Figure 1. Relationship between cover crop and total weed biomass (Mg∙ha−1) at time of cover crop termination. Both 2022 and 2023 data are included in the figure. Monocultures shown with circle (●) and mixtures shown with triangle (▲).
Cover crop biomass C:N ratio and tissue nutrient concentrations
Cover crop tissue nutrient concentrations differed between treatments, as well as between monocultures and mixtures. The treatment with the highest C:N ratio in both years was BTM, similar only to 3-CP in 2023, which was made up of 75% browntop millet (Table 5). The lowest C:N ratios were found in the two legume monocultures, CP and SH, in both years. Orthogonal contrasts revealed significantly higher C:N ratios in mixtures containing cowpea (3-CP and 4-W) in both years, and those containing sunnhemp (3-SH and 4-W) in the first year, than in CP and SH monocultures. On average, mixtures had a significantly higher C:N ratio than monocultures in both years.
Table 5. Cover crop tissue macronutrient concentration (%) and quantity (kg∙ha−1) 40 days after seeding in 2022 and 2023
x BTM = browntop millet monoculture; BW = buckwheat monoculture; CP = cowpea monoculture; SH = sunnhemp monoculture; 3-CP = cowpea, browntop millet, and buckwheat mixture; 3-SH = sunnhemp, browntop millet, and buckwheat mixture; 4-W = browntop millet, buckwheat, cowpea, and sunnhemp mixture.
y Means followed by the same letter within the same column and year are not significantly different at P ≤ 0.05.

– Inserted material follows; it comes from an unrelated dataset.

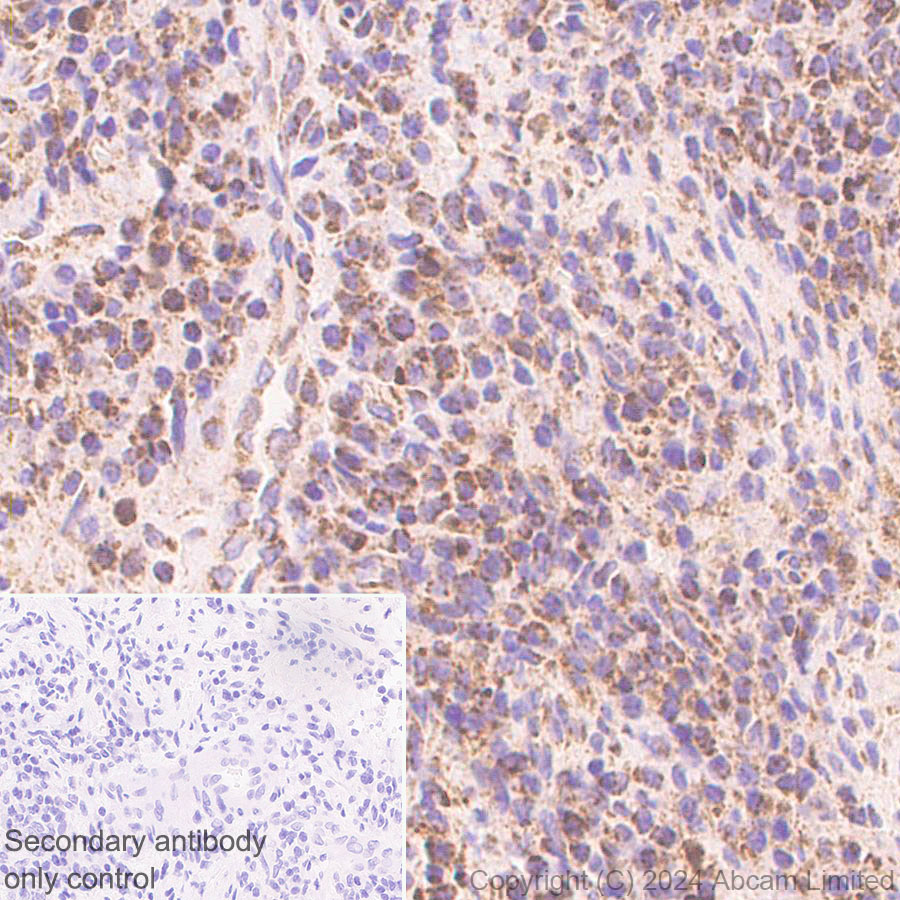 Immunohistochemistry (Formalin/PFA-fixed paraffin-embedded sections) - Anti-CHCHD2 antibody [EPR29117-175] (ab322258), expandable thumbnail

z Orthogonal contrast significance at P ≤ 0.05 = **, P ≤ 0.10 = *, and NS = nonsignificant.
CP was among the treatments with the greatest tissue concentration of most macro- and micronutrients, including % N, % P, % Ca, Zn (ppm), Mn (ppm), Cu (ppm), and B (ppm) in both years, and % K, % S, and % Mg in 2022 (Table 5 and Supplementary Material). Treatments with similar nutrient concentrations to CP were often the treatments that also included cowpea, including similar % P, % K, % Mg, and % Zn in 3-CP and 4-W to CP in 2022. BW had similar % P and % Mg to CP in 2022. SH was similar to CP in % Cu in both years and % N and % P in the second year.

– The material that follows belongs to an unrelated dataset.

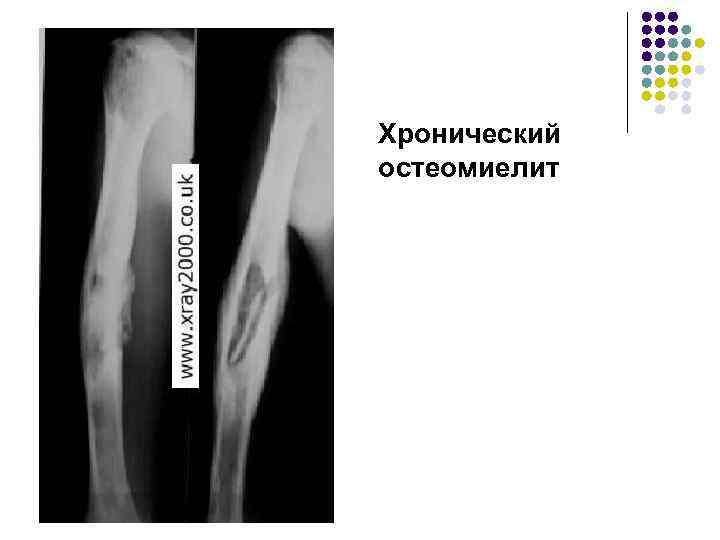 Хронический остеомиелит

Vegetable yield and quality
In 2022, cabbage grown following BTM had significantly more small (nonmarketable) cabbage heads compared with the other treatments, resulting in the lowest number of marketable cabbage heads (Fig. 2). CP, SH, 3-SH, and 4-W produced more marketable cabbage heads than BTM and Control. 3-CP produced a similar number of marketable cabbage heads as the other mixtures, as well as the lowest-yielding BTM and Control. BW was similar to both the top producers and Control. CP plots produced a greater number of marketable cabbage heads than mixtures containing cowpea (3-CP and 4-W) in 2022. In 2023, no statistically significant differences were found in cabbage yield between treatments.
Figure 2. Marketable and nonmarketable cabbage head yield following cover crop treatment in 2022 and 2023 from 24 heads in 6 m row length. Marketable and nonmarketable cabbage head yields analyzed separately by treatment.

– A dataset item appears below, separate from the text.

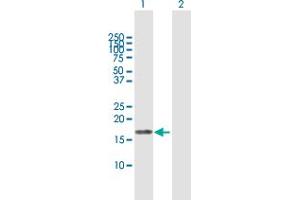 Western Blot analysis of EIF5A2 expression in transfected 293T cell line by EIF5A2 MaxPab polyclonal antibody. (EIF5A2 antibody  (AA 1-153))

Cover crop treatment had a slight effect on the cabbage head nutrient concentrations grown following cover crop incorporation. Cabbage grown following CP and BW had greater % P and % Ca than other cover crop treatments in 2022, although no differences in any cabbage head macronutrient concentrations were found between treatments in 2023 (Table 6). Orthogonal contrasts revealed cabbage had lower nutrient concentrations following monocultures than following mixtures for those nutrients with reported differences, including % P in both years, % Ca in 2022, and % K and % Mg in 2023. Additionally, cabbage grown following SH had a higher % N than those grown following mixtures containing sunnhemp in 2022.
Table 6. Cabbage tissue macronutrient concentrations following cover crop treatment in 2022 and 2023
x BTM = browntop millet; BW = buckwheat; CP = cowpea; SH = sunnhemp; 3-CP = cowpea, browntop millet, and buckwheat mixture; 3-SH = sunnhemp, browntop millet, and buckwheat mixture; 4-W = browntop millet, buckwheat, cowpea, and sunnhemp mixture.
y Means followed by the same letter within the same column and year are not significantly different at P ≤ 0.05.
z Orthogonal contrast significance at P ≤ 0.05 = **, P ≤ 0.10 = *, and NS = nonsignificant.
Soil microbial biomass, labile carbon, and soil nutrients
Differences in MBC were significant by year (P = 0.0184) but not by treatment (P = 0.3792). MBC was, on average across all treatments, 15% higher in 2022 than in 2023. Orthogonal contrasts revealed that MBC was greater in plots with mixtures than with monocultures in 2022, by 17.9% (Fig. 3). In 2023, no statistical differences were found for MBC between mixtures and monocultures.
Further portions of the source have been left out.